European expansion changed everything. K. Ross Toole describes the “bowling-pin effect of white advance” that pushed the forest Indians into the prairie, the prairie Indians into the plains, and the plains Indians into the mountains. By the 1700s, the Blackfeet were the dominant force on the Rocky Mountain front. The Blackfeet Confederacy essentially ruled all of the territory along the Rocky Mountains between present-day Edmonton and Great Falls. The Crow, an originally semi-sedentary people from the Ohio area had been pushed all the way into the Yellowstone River drainage. The Salish, the Kootenai, the Kalispel and the Shoshone had retreated west of the mountains, making only sporadic incursions into buffalo territory. During the 1700s the Assiniboine, Gros Ventre, Cree and Sioux came to occupy the territory east of the Blackfeet and Crow.
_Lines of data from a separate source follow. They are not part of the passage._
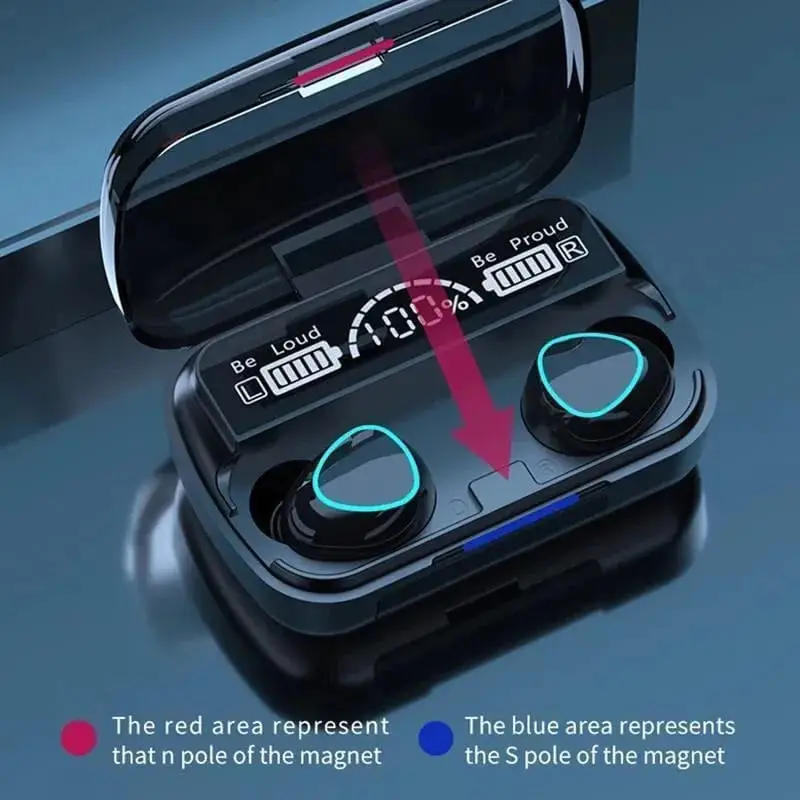 9D HiFi Sound Wireless Earbuds with 2000mAh Power Bank | LED Display Bluetooth Earbuds Black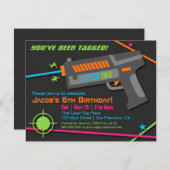 Neon Laser Tag Geburtstagsparty Einladungen (Vorne/Hinten)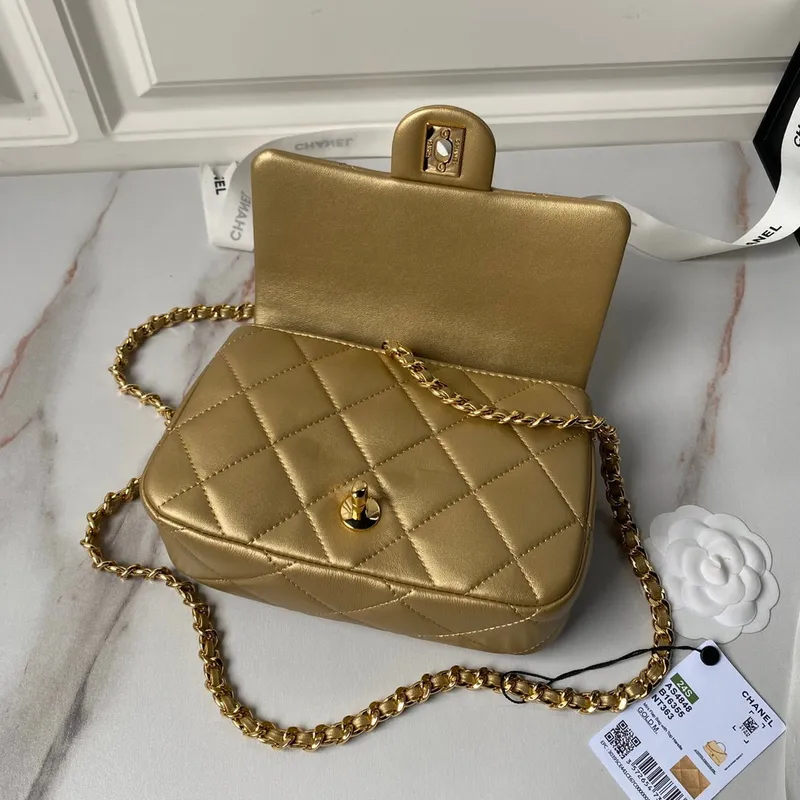Chanel AS4848 Mini Flap bag With top handle Gold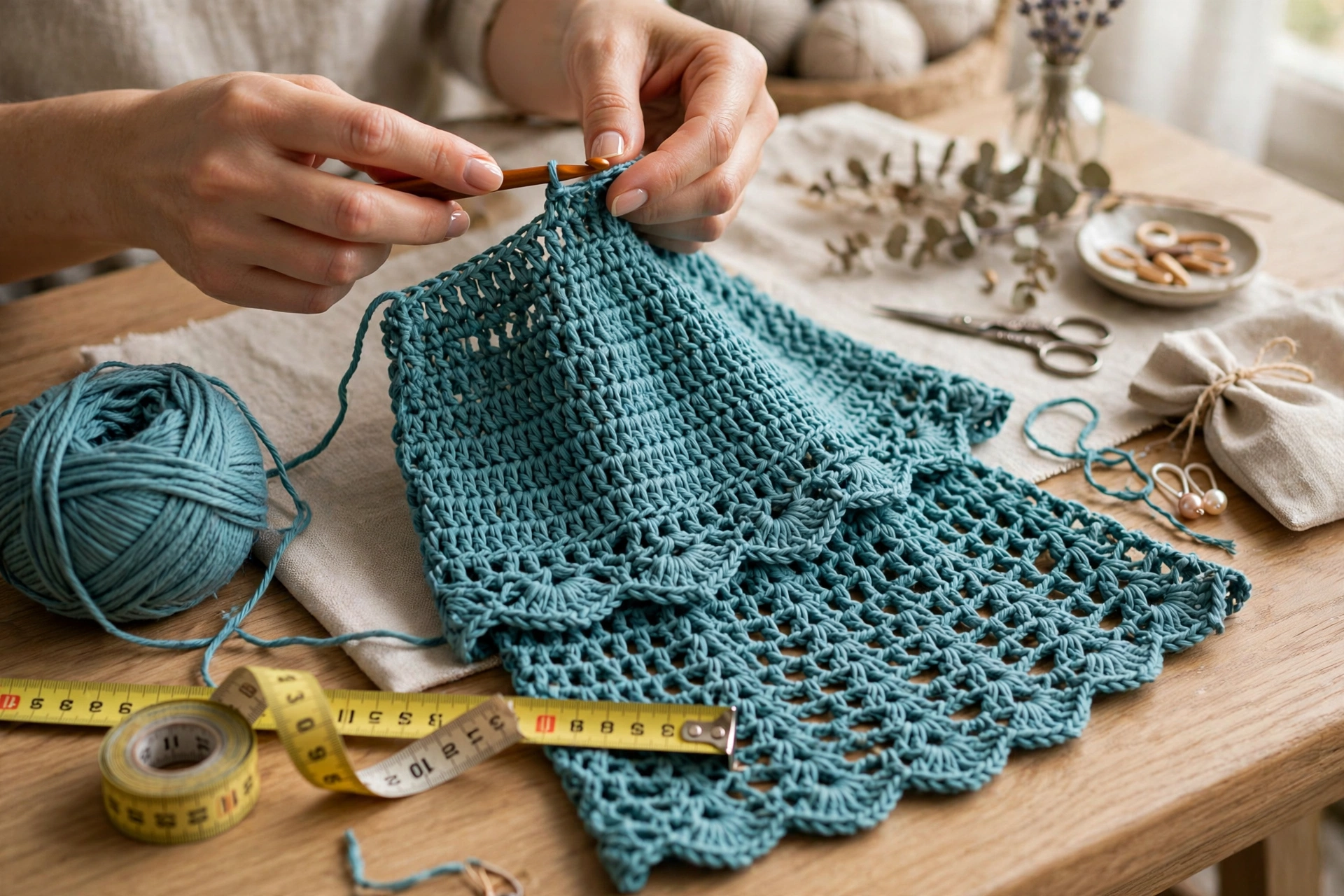 Hands crocheting a teal crochet dress skirt panel with soft cotton yarn and a crochet hook on an elegant craft table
By the 1800s, Cheyenne territory stretched from southeastern Montana into Wyoming, Colorado, and Nebraska.
All of the plains tribes led nomadic lives. They moved with the seasons and the buffalo. Although meat formed the majority of their diets, Aaron Parrett in Montana, Then and Now points out that they had access to over fifty varieties of native edible plants.
The first horses probably arrived in Montana around 1650 and several tribes, especially the Shoshone, Crow, and Blackfeet became fearsome horse warriors. Even they,however, did not ride horses on a daily basis. Plains Indians, until probably the nineteenth century would ride horses to fight and hunt, but use them as pack animals when moving from place to place.
Most modern people don’t understand a truly nomadic lifestyle. We simply have no frame of reference. I didn’t give the matter much thought until recently, and if I did, I probably imagined the tribes wandering willy-nilly around the plains, chasing buffalo, and eating plants if they chanced upon them. Nothing, of course, could be further from the truth. In reality, the Indians of Montana carefully managed the landscape. By the time of Lewis and Clark, Montana had no empty space, no terra icognita. In a presentation at the Montana Historical Society Annual Conference, Dr. Rosalyn LaPier argued that Native land use was very strategic. According to her research, each tribe and band lay claim to specific areas, separated from the territories of others by “buffer zones” claimed by no one tribe. These buffer zones were often very rich in resources because no one group lived there. The Gallatin Valley, especially around the Three Forks area, exemplifies the creation of buffer zones between tribes. Native land management required a good deal of inter-tribal cooperation. Tribes would coordinate activities, so that they hunted and harvested at different times and in different places, allowing fields and herds to recuperate. While they did not farm in the traditional sense, they would strategically plant and harvest useful crops. In some ways, a nomadic lifestyle lends itself to strategic land management better than a sedentary lifestyle. It certainly makes it easier to leave fields or herds alone for long periods of time.